Material provided
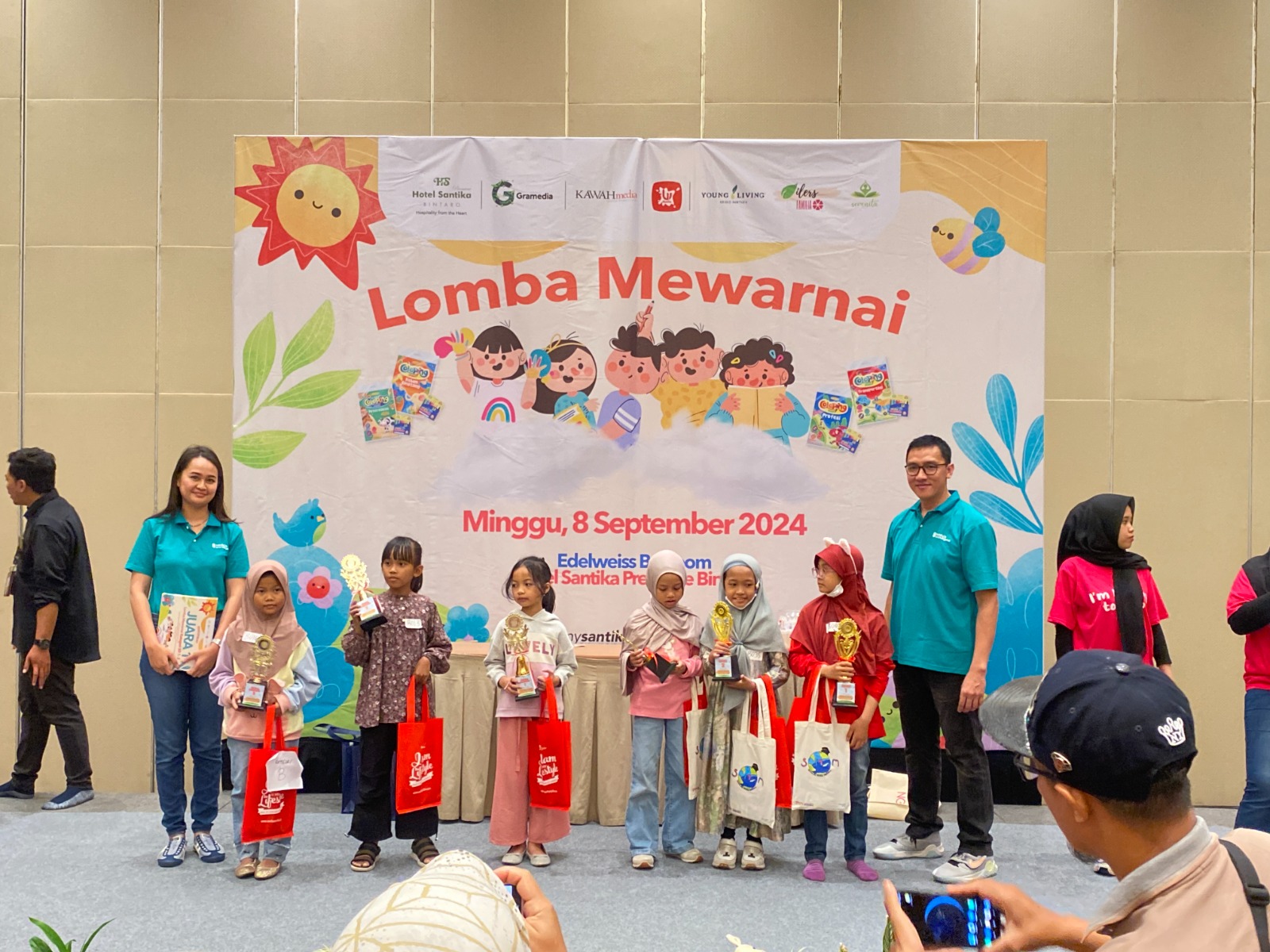 Lomba Mewarnai di Bintaro: Anak-anak Tampil Kreatif Merayakan Literasi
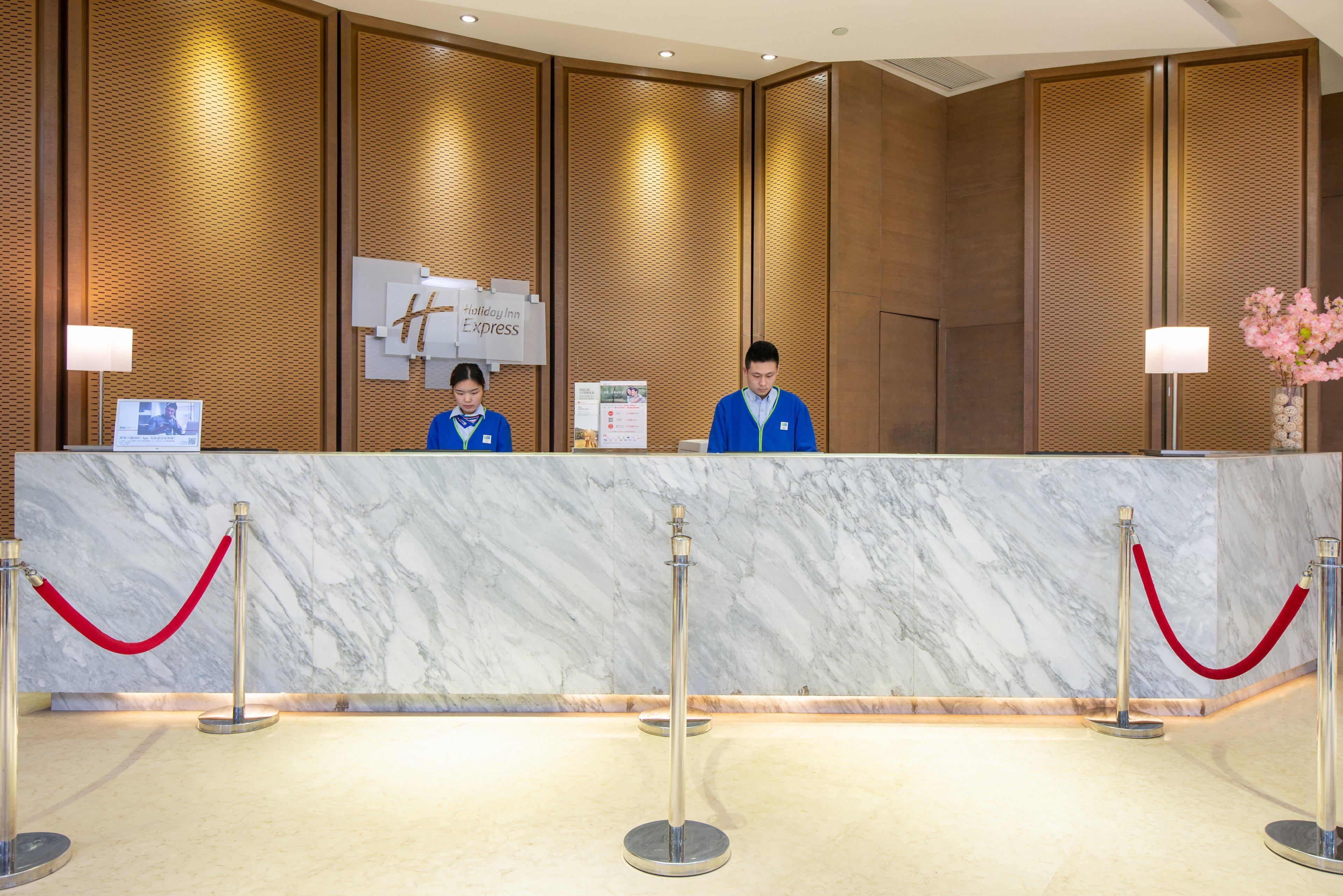 Holiday Inn Express Chengdu West Gate By Ihg Exterior photo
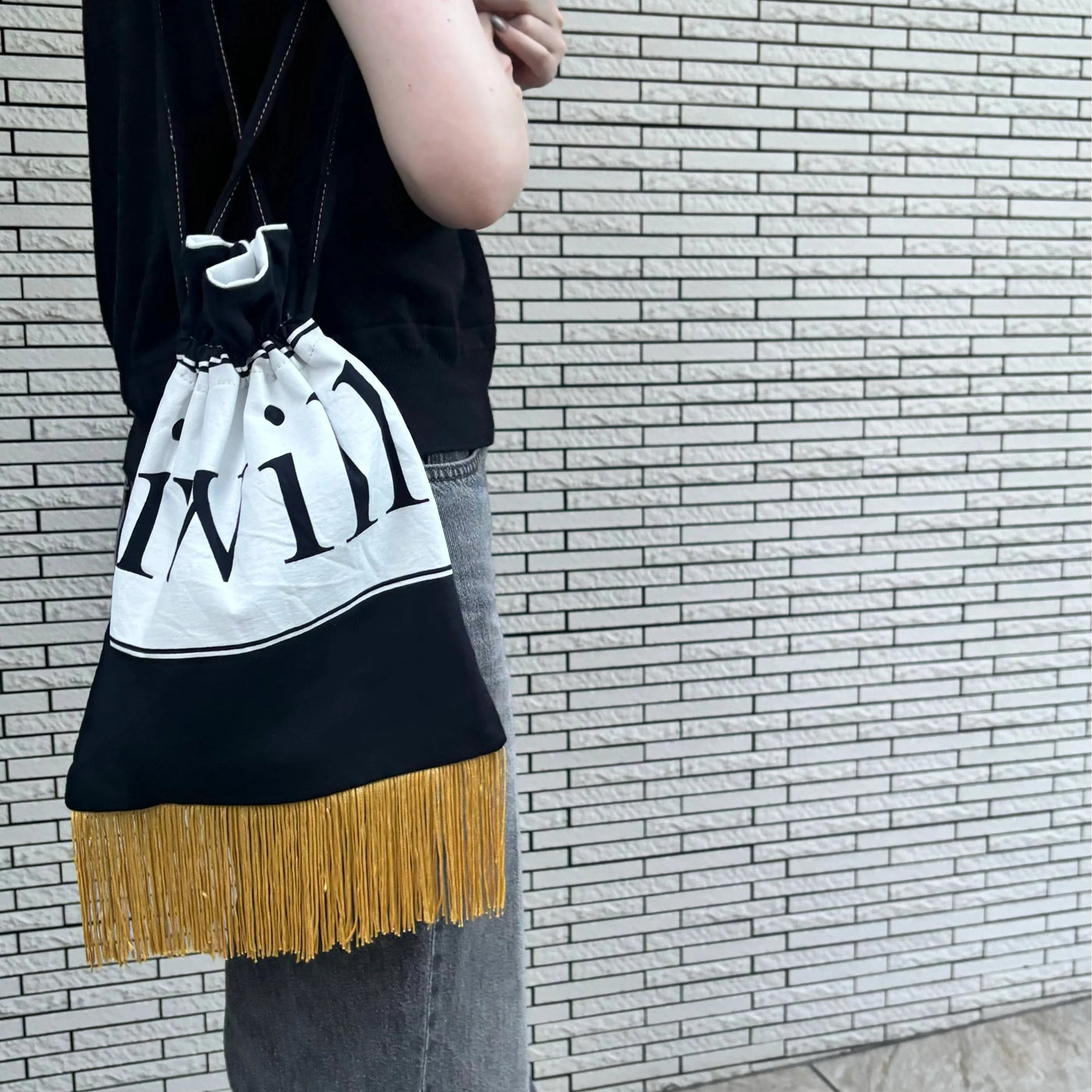 【hamomisi】Remake fringe drawstring bag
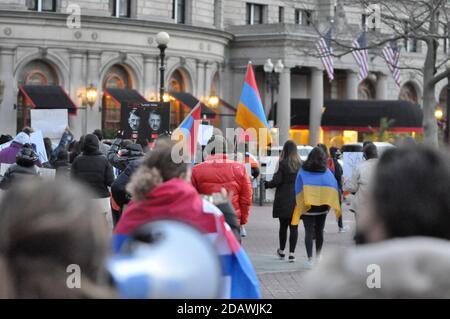 Boston, Massachusetts, Stati Uniti. 14 novembre 2020. Gli armeni americani continuano a protestare contro gli attacchi dell'Azerbaigian e della Turchia contro la Repubblica di Artsakh, Nagorno Karabakh, e la distruzione di beni civili e culturali nelle regioni che saranno trasformate in controllo azero come parte del cessate il fuoco e della fine della guerra di 45 giorni per il controllo della regione. Credit: Kenneth Martin/ZUMA Wire/Alamy Live News Foto Stock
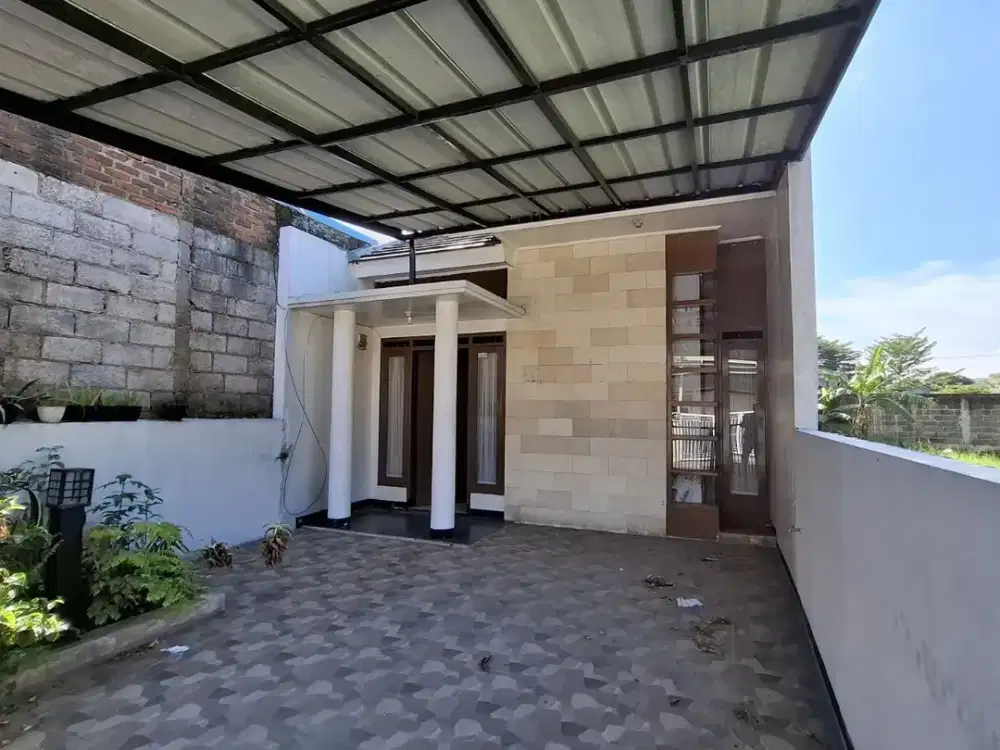 Rumah Luas123 di Cisaranten Kulon Sekitar Permata Tamansari Siap Huni | LA204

What the task asks
Transcribe all of the material exactly, leaving out whatever pictures it contains.

Response to the task
 Lomba Mewarnai di Bintaro: Anak-anak Tampil Kreatif Merayakan Literasi
 Holiday Inn Express Chengdu West Gate By Ihg Exterior photo
 【hamomisi】Remake fringe drawstring bag
 Boston, Massachusetts, Stati Uniti. 14 novembre 2020. Gli armeni americani continuano a protestare contro gli attacchi dell'Azerbaigian e della Turchia contro la Repubblica di Artsakh, Nagorno Karabakh, e la distruzione di beni civili e culturali nelle regioni che saranno trasformate in controllo azero come parte del cessate il fuoco e della fine della guerra di 45 giorni per il controllo della regione. Credit: Kenneth Martin/ZUMA Wire/Alamy Live News Foto Stock
 Rumah Luas123 di Cisaranten Kulon Sekitar Permata Tamansari Siap Huni | LA204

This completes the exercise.